# Adventures in the bedroom  adult content 476 words



## Plasticweld (Dec 2, 2015)

Adventures in the bedroom by Bob Brown

It started out simple enough, my wife handed me the phone saying “Here’s the old guy.”  My young friend Ray on the other end, in his early forties wanted to know, how I became _the old guy_.  I had to pause, not being really sure how to answer that.

“I don’t know… maybe because we have been together for 40 years.  Maybe it’s because we have grandkids.  Maybe it’s because we both have gray hair and can remember what it was like to be young, and not have gray hair.”  We drifted off on to the original intent of his call. 

That night while getting ready for bed, my wife and I talked about it... about trying something new.  

While staring at the bed we both felt some measure of hesitation.  Like any couple that has been together for a long time, things have gotten kind of routine.  The things that happened in that bed have always been pretty much the same for a long time. Long gone are the days of experimenting and trying new stuff.  

She was all for it, I am ashamed to say that I was reluctant.

We stood by the bed talking about how it might take some getting used to.  It was bound to be awkward, and it would mean we would both be stepping out of our comfort zones. 

 Ray’s question came back to me, “How did you become the old guy?”

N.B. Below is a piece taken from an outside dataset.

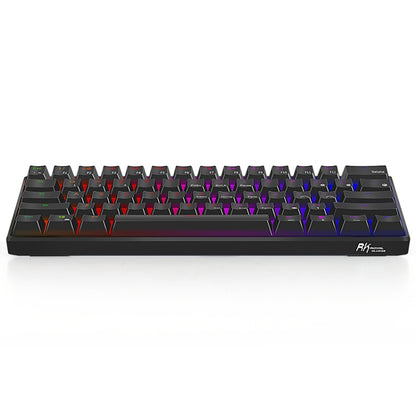 RK61 61 Keys Bluetooth / 2.4G Wireless / USB Wired Three Modes Brown Switch Tablet Mobile Gaming Mechanical Keyboard with RGB Backlight, Cable Length: 1.5m (Black) - Wired Keyboard by buy2fix | Online Shopping UK | buy2fix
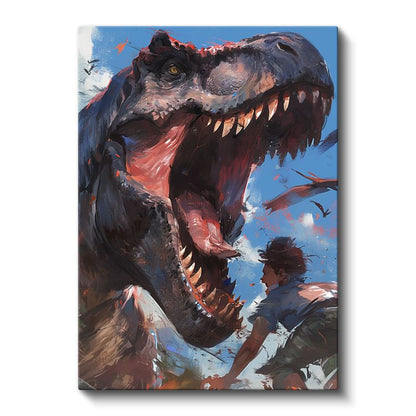 T-Rex Kükreyişi - Tarih Öncesi Çağın Yırtıcı Avcısı Kanvas Tablo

“What the hell… Let’s try it!” I said as if I was going off on some adventure.

Deep down I was hesitant, at the same time I was looking forward to something different. 

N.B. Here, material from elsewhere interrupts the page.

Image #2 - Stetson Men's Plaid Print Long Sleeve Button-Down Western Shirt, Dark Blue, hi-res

We got into bed, our eyes locked for tender moment just like in the old days.

It seemed awkward, it seemed un-natural.  Somehow we did not quite fit together. I guess it’s not always like the movies, they make it seem so easy and natural.  Two strangers just hop in the sack together and never once discuss this. 

Linda twisted and turned, she said I was on her hair.  

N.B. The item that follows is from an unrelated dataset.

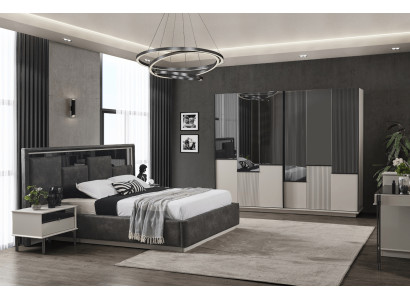 Black and white Bedroom Set Designer Bed 2x Bedside tables Wardrobe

This seemed overly complicated for a woman who used to be a gymnast… but it was her idea. 

Without going into details I can only say that we tossed, we turned, we groaned.  It was I imagine, just like sleeping with someone else, it felt very different. 

In the morning we both agreed, we would never try_ that_ again. 

Tonight we are both sleeping on our “_own_” side of the bed.  For thirty eight years she has had the right side of the bed and I had the left.  Maybe I am old, maybe Linda is old. 

 I still have this nagging thought.  How is it that when you see a couple in the movies just hop into bed together, how come they never argue over who sleeps on which side?


----------



## Wandering Man (Dec 4, 2015)

Sweet, clever.  I like the relationship between the two.

I have nothing more constructive to add.


----------



## dither (Dec 5, 2015)

Interesting thoughts pw.
Does that stuff really matter at our age?
There was a mention in my newspaper last week about a survey which suggested that a fair percentage of men in their seventies are sexually active.
Damn liars i say.
Who needs it?

PS,
 And  with regard to "how come they never argue over who sleeps on which side?"
Or who gets the wet patch. 
	

	
	
		
		

		
			





Happy days.


----------



## Reichelina (Apr 3, 2016)

Plasticweld said:


> I still have this nagging thought.  How is it that when you see a couple in the movies just hop into bed together, how come they never argue over who sleeps on which side?



I guess because those people in the movies only get to sleep on that bed ONCE. I_t ain't real dude. No it aint!_

Thanks for sharing that! I feel so young. HAHA.


----------



## escorial (Apr 3, 2016)

such a nice read..calm writing


----------